It started like this:
I have a friend, Austin, who Makes Things. Tricycles, principally. He has an extensive workshop featuring, among other stuff, a lathe. I have another friend, Ben, who’s into video and film-making, and he’s always after bits and bobs of “grip equipment” to facilitate such follies as shooting video on a digital stills camera. For non-film-people, “grip equipment” is stuff generally used for supporting or moving things when making films – tripods, microphone and lamp stands, dollies, stuff like that.
I also have a big mouth…
“Oh, ” I caught myself saying to Ben, as he complained bitterly about the disappointingly short and unhelpfully un-threaded microphone stalk he’d eventually received from a US supplier, after around a month and a few anguished e-mails. “I could design a much better mic stalk to fit your rig than that.” Ben was skeptical. “Could you actually make one, though?”
“Well, my mate Austin could make one in his workshop in no time.”
I live in Bristol, as does Ben. Austin’s workshop is in mid-Wales, miles away…
While over at Austin’s supervising his construction of the mother of all microphone stalks, I remembered that my half brother, Dave, who also lives in mid-Wales, bought himself a small second-hand hobby lathe some time back which, as far as I know, he’s never used. Mostly because he has nowhere to set it up right now.
I don’t really have anywhere to set it up either, but I do have a couple of yet-to-be-decorated rooms in my newly purchased house, and a greater willingness to improvise, so I called him and asked if I could perhaps borrow it. “No problem, come around and fetch it”, he said.

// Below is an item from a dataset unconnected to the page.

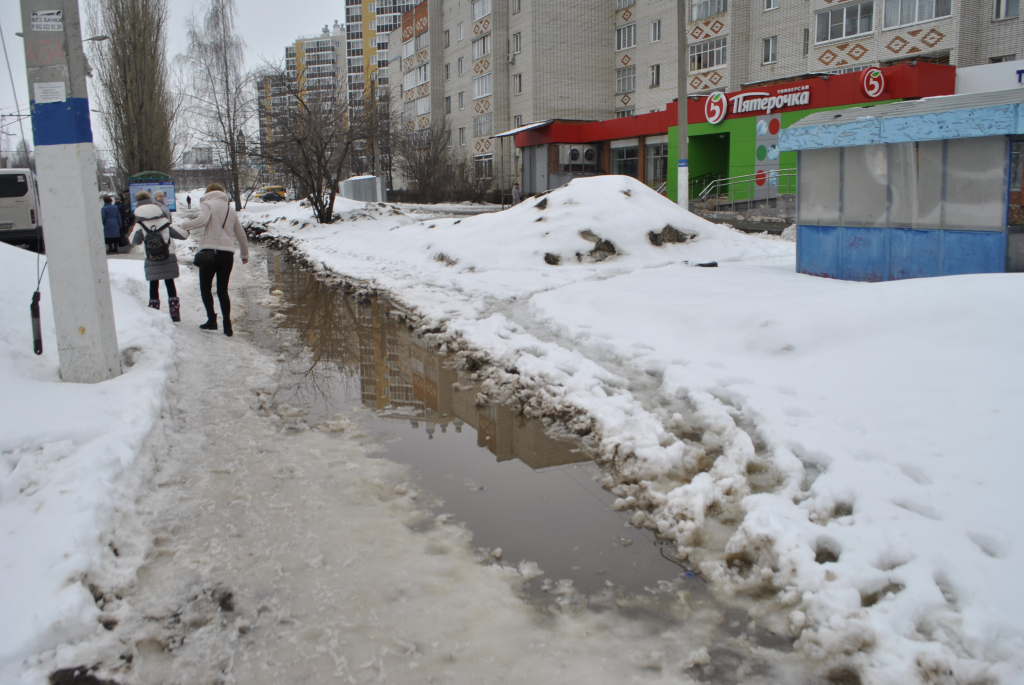 Что обсуждают в Кирове: таяние снега и смягчение коронавирусных ограничений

Smaller than I remembered, it lurked in a corner, tucked out of the way under a blanket. “Hangon,” said Dave from the other room, as I tried to work out why this little thing was glued to the floor (it weighs 40kg), “I have some more bits here, stashed away in the airing cupboard. Erm. Oh shit.”
Hot water tanks don’t generally leak without you knowing about it, but it turns out that their overflow pipes can leak quite a bit and go completely un-noticed, so long as there’s a waterproof plastic bucket full of lathe parts directly underneath.

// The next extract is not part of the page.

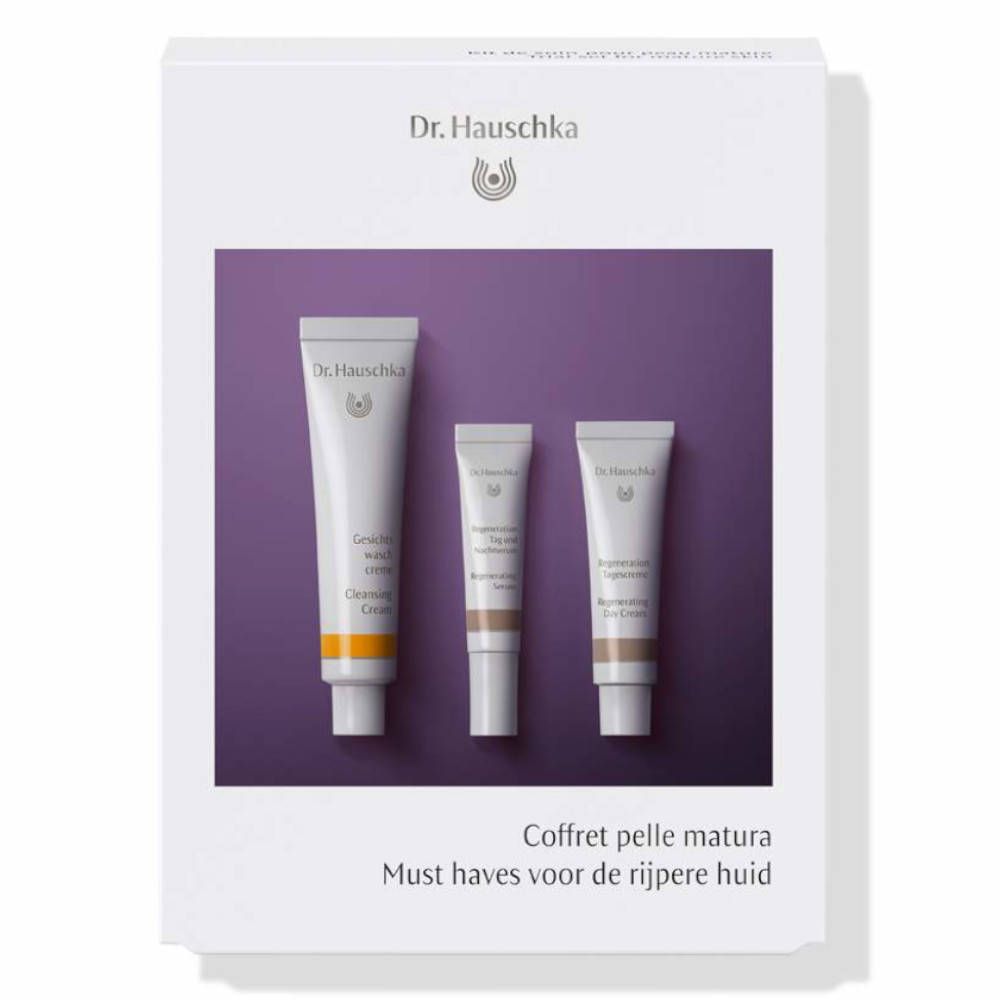 Trois tubes dans un emballage blanc avec fond violet. Inscription : Dr. Hauschka, Must-Haves pour peau mature.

Picking the various bits out of a porridge of decomposing cardboard boxes steeped in rusty water was a depressing affair, and tedious, but I eventually got them all superficially hosed down and stashed in a plastic bag.
The lathe itself was in near-immaculate condition, but among the ancilliaries that had been soaking for who-knows how long were vital things like the tailstock, so my first job on getting it all home was a couple of hours with a bucket, a scrubbing brush, some very fine wet-or-dry sandpaper and lots of elbow grease. And actual grease.
The damage was remarkably slight. I wrote off the original toolkit – spanners and allen keys are easier to replace than to de-rust – and everything else is servicable. The travelling steady and fixed steady looked like they’d never been unpacked from new, and their packing grease worked well, they’re in far better condition than I had any right to expect – the paint’s suffered a bit and the nuts had rusted, but otherwise pretty good. The tailstock quill is discoloured and mildly pitted at the end. All fixing nuts were rusted, but they’re just standard metric sizes so I replaced most of them with stainless ones I had to hand. The chuck key and tailstock locking nut lost their nice blue/black finish, the outside chuck jaws might be a bit of a dodgy fit now – I lightly polished the rust off them and the tool holder using 600grit wet-or-dry, used wet and kept flat on a bit of glass. By and large, though, everything vital and tricky to replace seems servicable.
I retired from my first day of lathe ownership moderately satisfied. Home-made grip equipment seemed a little closer…
Oh yeah, the mic stalk which Austin made to my design went down a storm. “This is perfect,” said Ben, clearly delighted. He’ll have thought of something else he desperately needs long before I’m up to speed with my little borrowed lathe, though.